(Recorded data)
%%
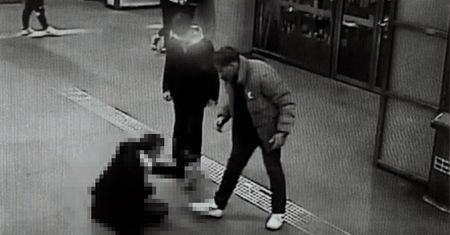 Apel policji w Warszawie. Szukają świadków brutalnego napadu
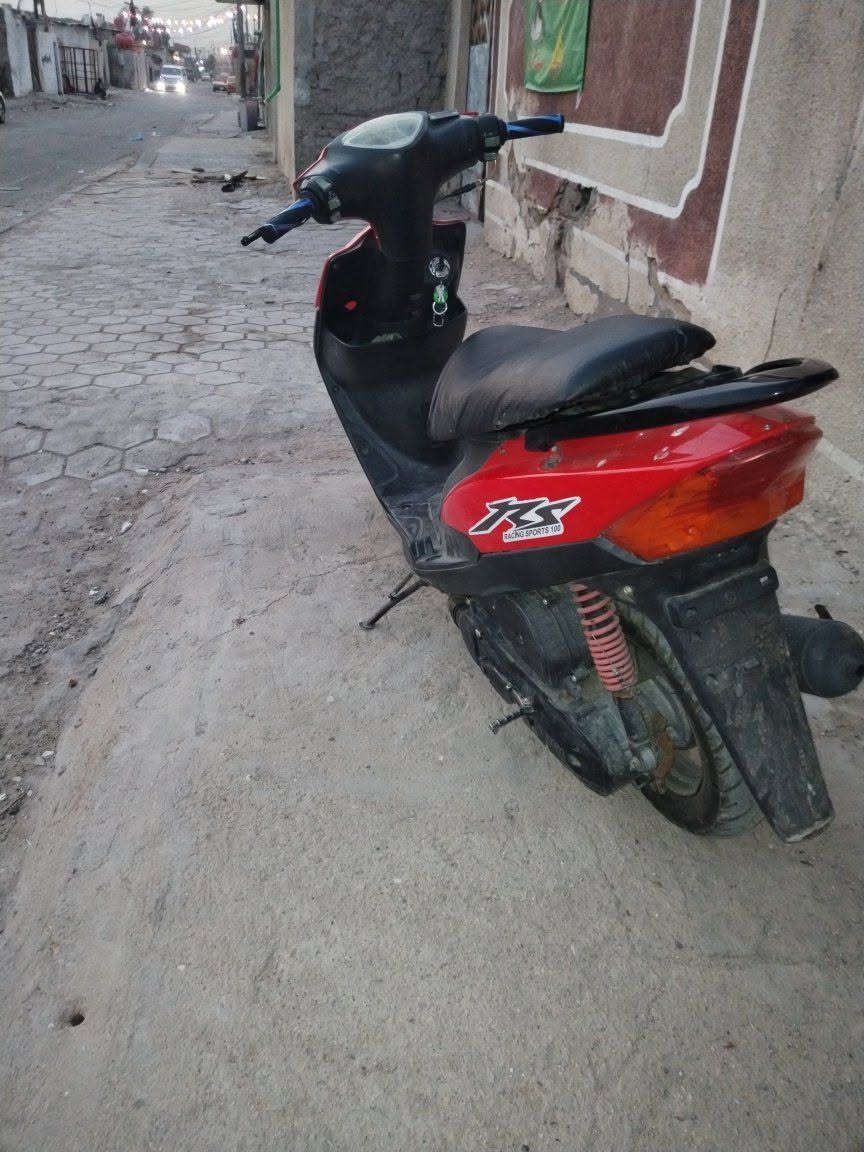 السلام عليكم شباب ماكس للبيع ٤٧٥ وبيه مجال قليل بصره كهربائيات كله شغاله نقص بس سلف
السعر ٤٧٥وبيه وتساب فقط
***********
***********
%%
§ EXERCISE REQUIREMENTS
Exact repetition of all the records is required, with the pictures excluded.

§ OUTPUT OF THE TASK
 Apel policji w Warszawie. Szukają świadków brutalnego napadu
 السلام عليكم شباب ماكس للبيع ٤٧٥ وبيه مجال قليل بصره كهربائيات كله شغاله نقص بس سلف
السعر ٤٧٥وبيه وتساب فقط
***********
***********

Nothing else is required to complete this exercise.